Data section ▸
============================================================

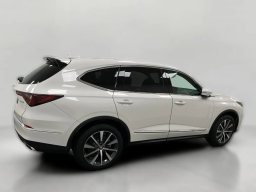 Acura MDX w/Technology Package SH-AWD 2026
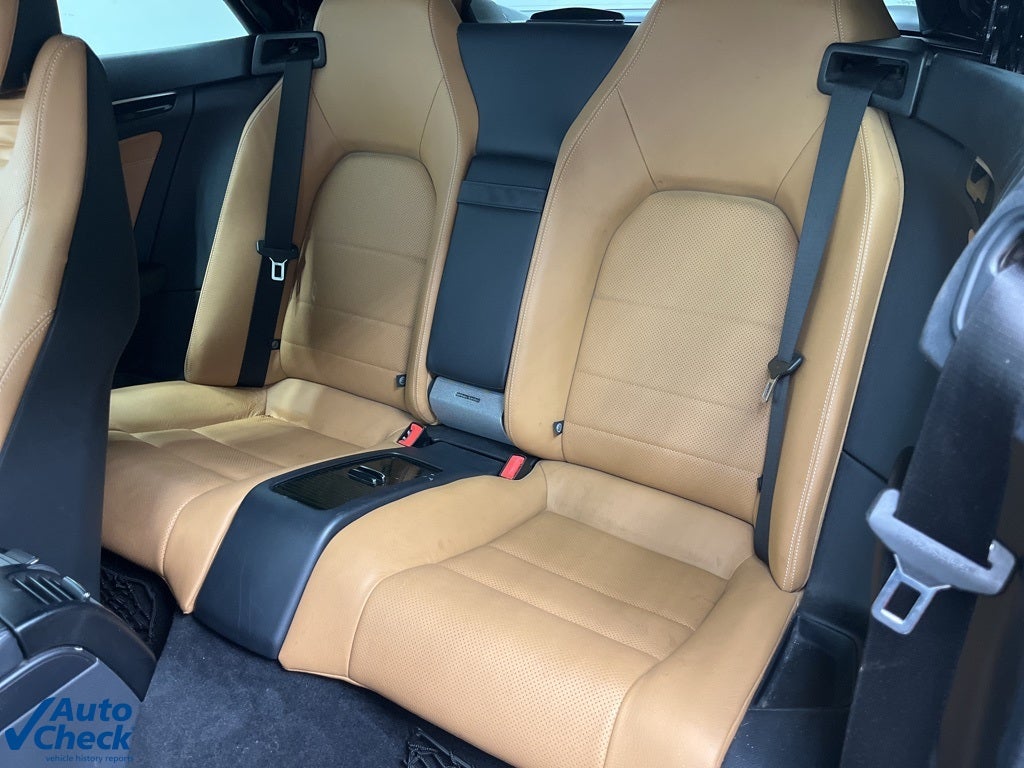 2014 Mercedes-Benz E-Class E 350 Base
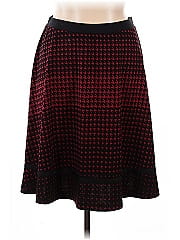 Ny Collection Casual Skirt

============================================================

Goal of the exercise ▸
The response has to be an exact copy of all the data, pictures excluded.

The answer ▸
 Acura MDX w/Technology Package SH-AWD 2026
 2014 Mercedes-Benz E-Class E 350 Base
 Ny Collection Casual Skirt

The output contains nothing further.